The recent Court of Appeal case of JKP Sdn Bhd v Anas Construction Sdn Bhd [2023] MLJU 240 concluded that a defaulting party’s breach of its payment obligations of advanced deposit can render an arbitration agreement inoperative. The Court opined that the defaulting party’s breach of the arbitration rules, without a qualified reason, indicates a clear and unequivocal intention not to abide by the arbitration process of resolving the disputes. Such action signifies a waiver to arbitrate the matter and abandonment of the proceedings altogether.
In contrast, the Court in the English case BDMS[1] came to a different conclusion, although it is to be noted that the facts contained therein differs from the above case.
In the case of BDMS[2], BDMS Limited (BDMS) initiated arbitration proceedings against Rafael Advanced Defence Systems (Rafael), alleging non-payment of a success fee outlined in a consultancy agreement that mandated London-seated ICC arbitration.
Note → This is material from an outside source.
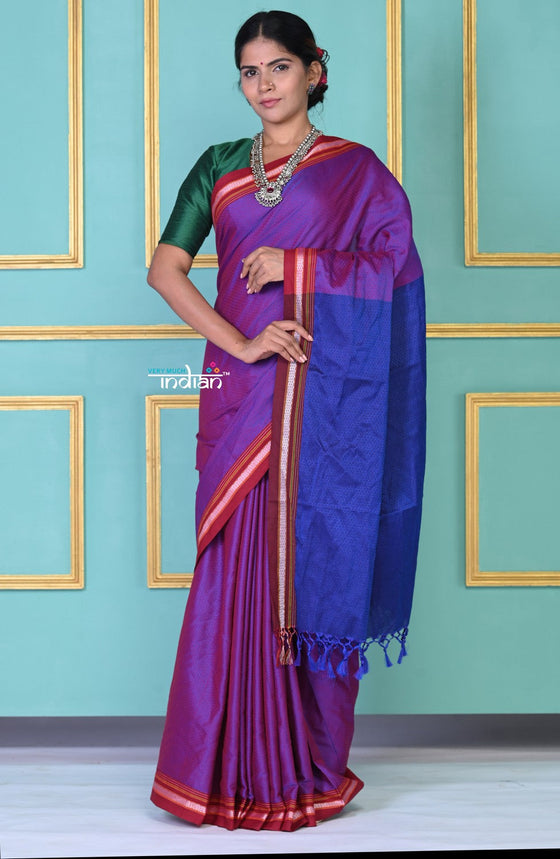Authentic Cotton And Pure Resham Khun Saree With Contrast Pallu - Dual Tone Pink-Purple
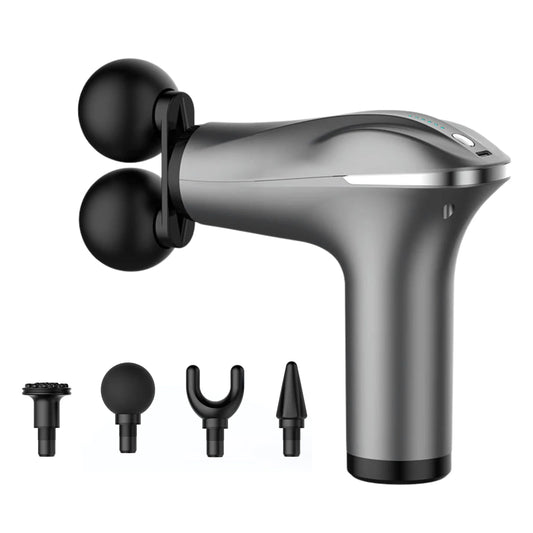 Dual Head Deep Tissue Massage Gun — 5 Speeds, 6H Battery, 4 Heads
An arbitrator was appointed, and the ICC instructed both parties to equally contribute to the advance on costs. Rafael's solicitors expressed concern over BDMS's financial capability and intended to seek security for costs, refusing to pay its share until security was in place.
Despite BDMS fulfilling its share of the advance on costs, Rafael persisted in its refusal and formally applied for security for costs against BDMS. The ICC Court repeatedly urged Rafael to fulfil its payment obligation and invited BDMS to substitute for Rafael, warning of withdrawal if payments were not received. BDMS opted not to substitute, asserting that Rafael's non-payment constituted a fundamental breach of the arbitration rules.
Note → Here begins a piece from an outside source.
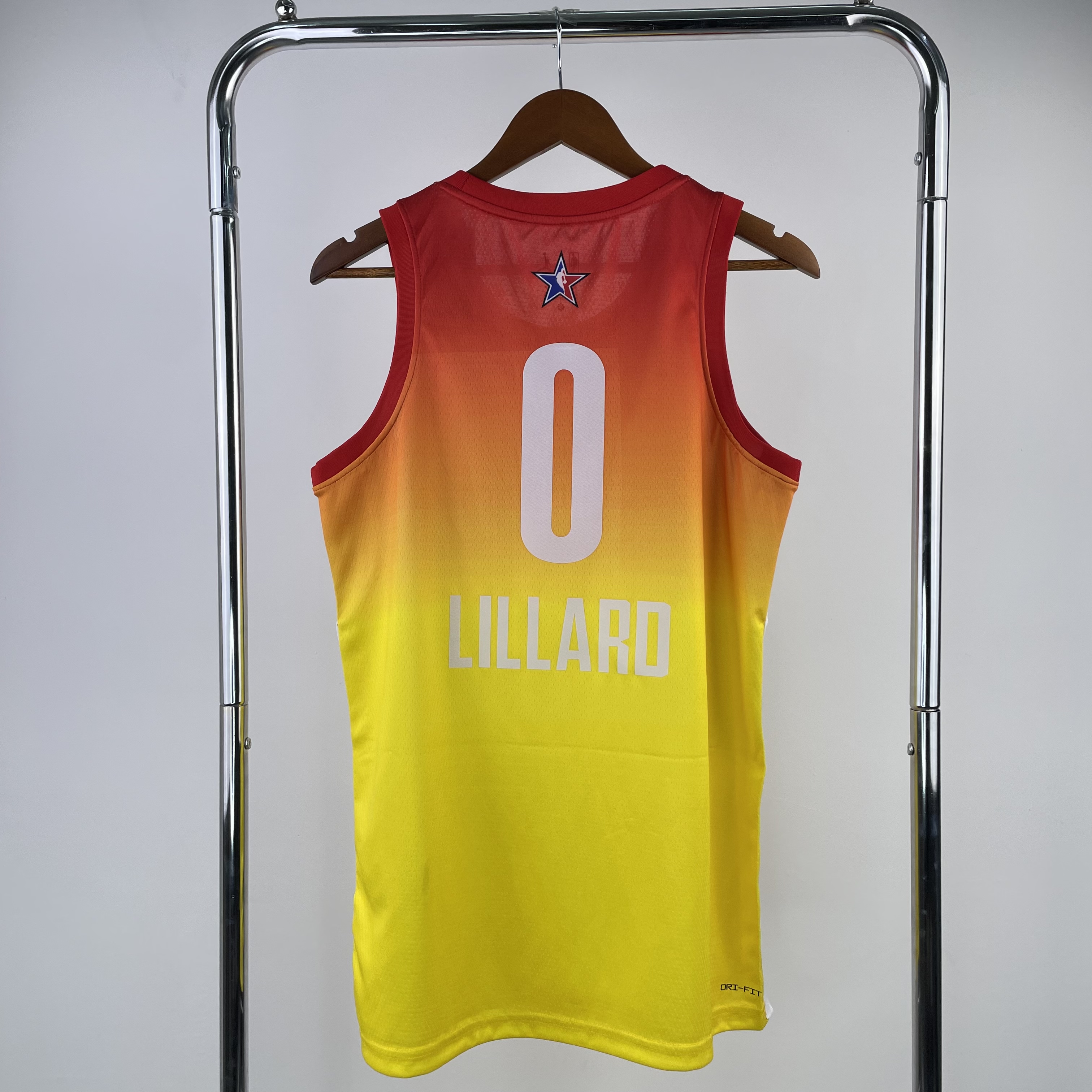Men Portland Trail Blazers #0 Lillard Yellow All Star Jordan style Seasons 2023 NBA Jersey->portland trail blazers->NBA Jersey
BDMS subsequently initiated High Court proceedings, leading to the withdrawal of the arbitration claim. Rafael sought a stay of the court proceedings under Section 9 of the Arbitration Act 1996, which mandates a stay unless the arbitration agreement is null, void, inoperative, or incapable of being performed.
The Court held that although Rafael had breached its contractual obligation, such breach was not repudiatory which would render the arbitration agreement inoperative. The Court’s reasoning can be summarized as follows;
a) Rafael actively participated in the arbitration but contested the payment of the advance on costs, insisting on security. This refusal was not a complete rejection but rather a condition for payment;
b) The breach did not prevent BDMS from arbitrating, as alternatives like posting a bank guarantee were available;
c) BDMS was not substantially deprived of contract benefits, as the ICC Rules provided mechanisms to address the situation;
d) Even if a claim was withdrawn due to a payment default, it didn't constitute repudiation, and the arbitration agreement allowed for future arbitrations on the same claim.
It's important to highlight that the judge reviewed decisions from Canada and France to confirm that a refusal or failure to pay an advance on costs might, under specific conditions, be considered repudiatory. Nevertheless, the judge ultimately concluded and noted that determining repudiation in such cases relies on the specific facts of each situation.
A crucial question then arises for discussion; when arbitration rules offer the option for the non-defaulting party to cover the deposit obligations of the defaulting party in the event of the latter’s default, would the non-defaulting party's decision not to cover the deposit obligations of the defaulting party be sufficient to render an arbitration agreement inoperative?
As the BDMS[3] case aptly observed, providing a definitive answer to this question is not straightforward, as it depends entirely on the specific facts, the arbitration agreement, and the governing rules upon which the parties intend to rely.
Given the subjective nature of facts, this analysis and opinion will delve into the theoretical implications of breaching arbitration rules concerning the payment of deposits and whether such a breach could render an arbitration agreement inoperative.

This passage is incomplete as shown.